Publisher: Addison-Wesley Professional
ISBN: 0134855892
Category : Computers
Languages : en
Pages : 1416
Book Description
LEARN HOW TO USE DATA STRUCTURES IN WRITING HIGH PERFORMANCE PYTHON PROGRAMS AND ALGORITHMS This practical introduction to data structures and algorithms can help every programmer who wants to write more efficient software. Building on Robert Lafore's legendary Java-based guide, this book helps you understand exactly how data structures and algorithms operate. You'll learn how to efficiently apply them with the enormously popular Python language and scale your code to handle today's big data challenges. Throughout, the authors focus on real-world examples, communicate key ideas with intuitive, interactive visualizations, and limit complexity and math to what you need to improve performance. Step-by-step, they introduce arrays, sorting, stacks, queues, linked lists, recursion, binary trees, 2-3-4 trees, hash tables, spatial data structures, graphs, and more. Their code examples and illustrations are so clear, you can understand them even if you're a near-beginner, or your experience is with other procedural or object-oriented languages. Build core computer science skills that take you beyond merely “writing code” Learn how data structures make programs (and programmers) more efficient See how data organization and algorithms affect how much you can do with today's, and tomorrow's, computing resources Develop data structure implementation skills you can use in any language Choose the best data structure(s) and algorithms for each programming problem—and recognize which ones to avoid Data Structures & Algorithms in Python is packed with examples, review questions, individual and team exercises, thought experiments, and longer programming projects. It's ideal for both self-study and classroom settings, and either as a primary text or as a complement to a more formal presentation.

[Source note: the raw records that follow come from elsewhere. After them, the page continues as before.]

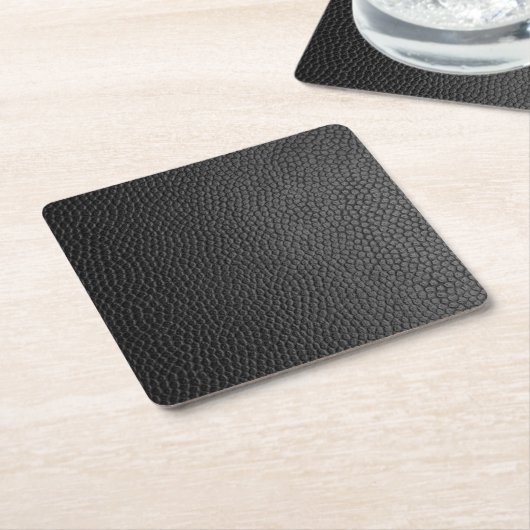 Schwarzes Leder Textur Rechteckiger Pappuntersetzer (angewinkelt)
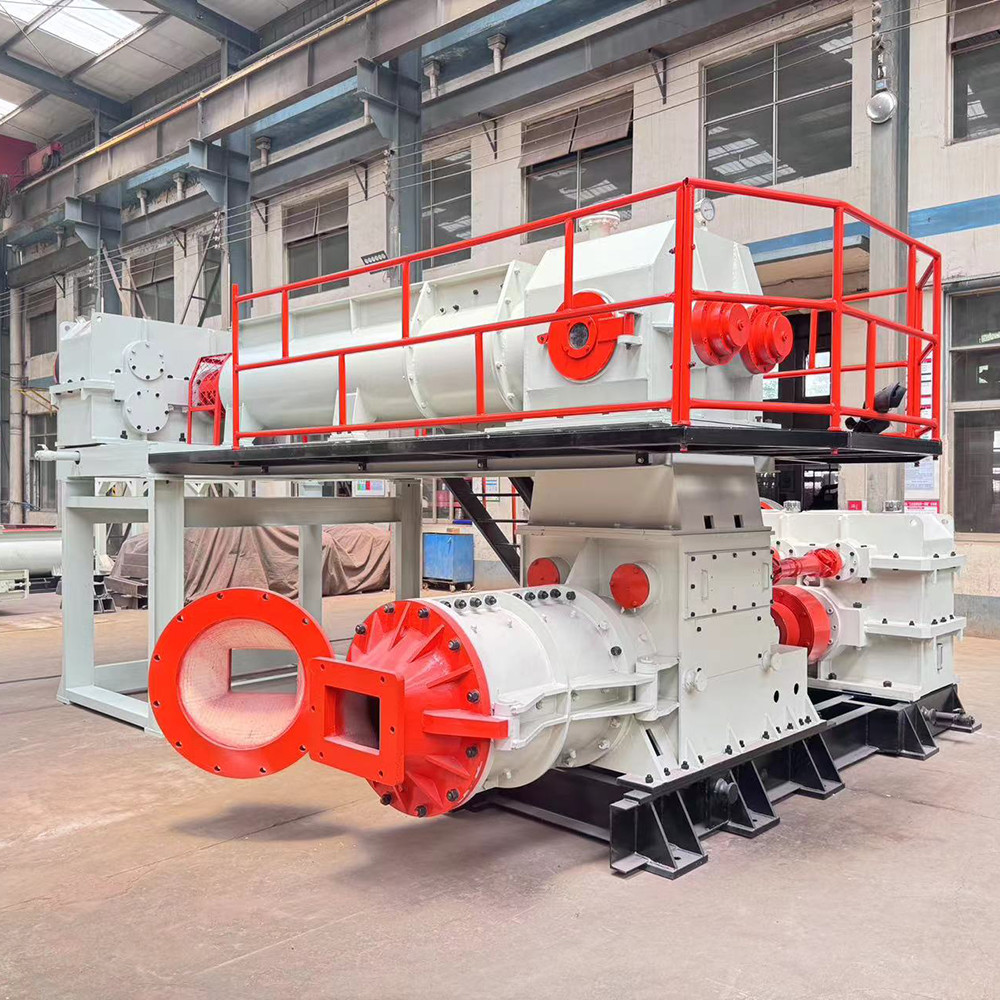 Double Stage Vaccum Extruder Clay Brick Extruder Fired Clay Brick Making Machine For Mud Column Extrusion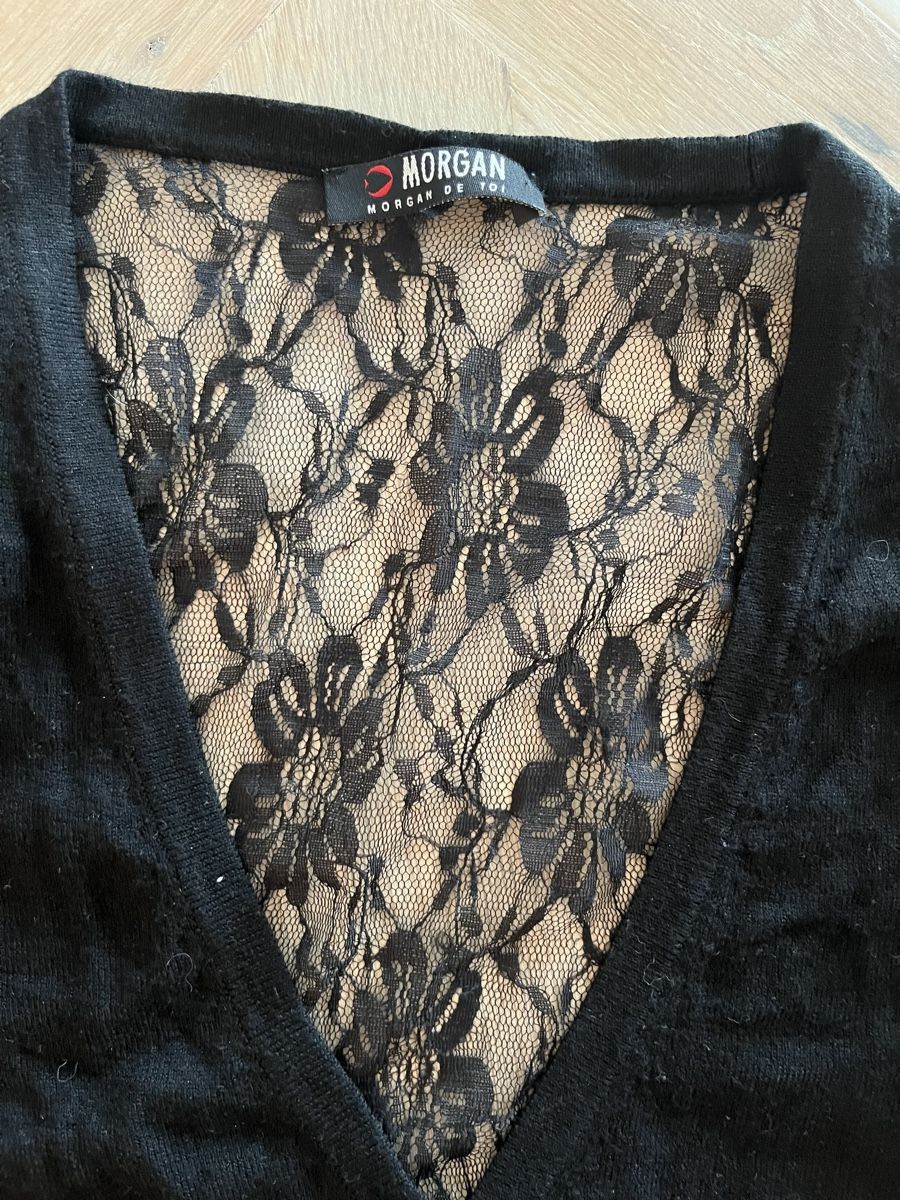 Morgan Maglioni & Felpe: Morgan de Toi Strickjacke, Schwarz, Spitze✨ – Usato da Pfäffikon SZ venduto da humming-bird 1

Data Structures and Algorithm Analysis in Java, Third Edition
Author: Clifford A. Shaffer
Publisher: Courier Corporation
ISBN: 0486173569
Category : Computers
Languages : en
Pages : 607
Book Description
Comprehensive treatment focuses on creation of efficient data structures and algorithms and selection or design of data structure best suited to specific problems. This edition uses Java as the programming language.
Publisher: Courier Corporation
ISBN: 0486173569
Category : Computers
Languages : en
Pages : 607
Book Description
Comprehensive treatment focuses on creation of efficient data structures and algorithms and selection or design of data structure best suited to specific problems. This edition uses Java as the programming language.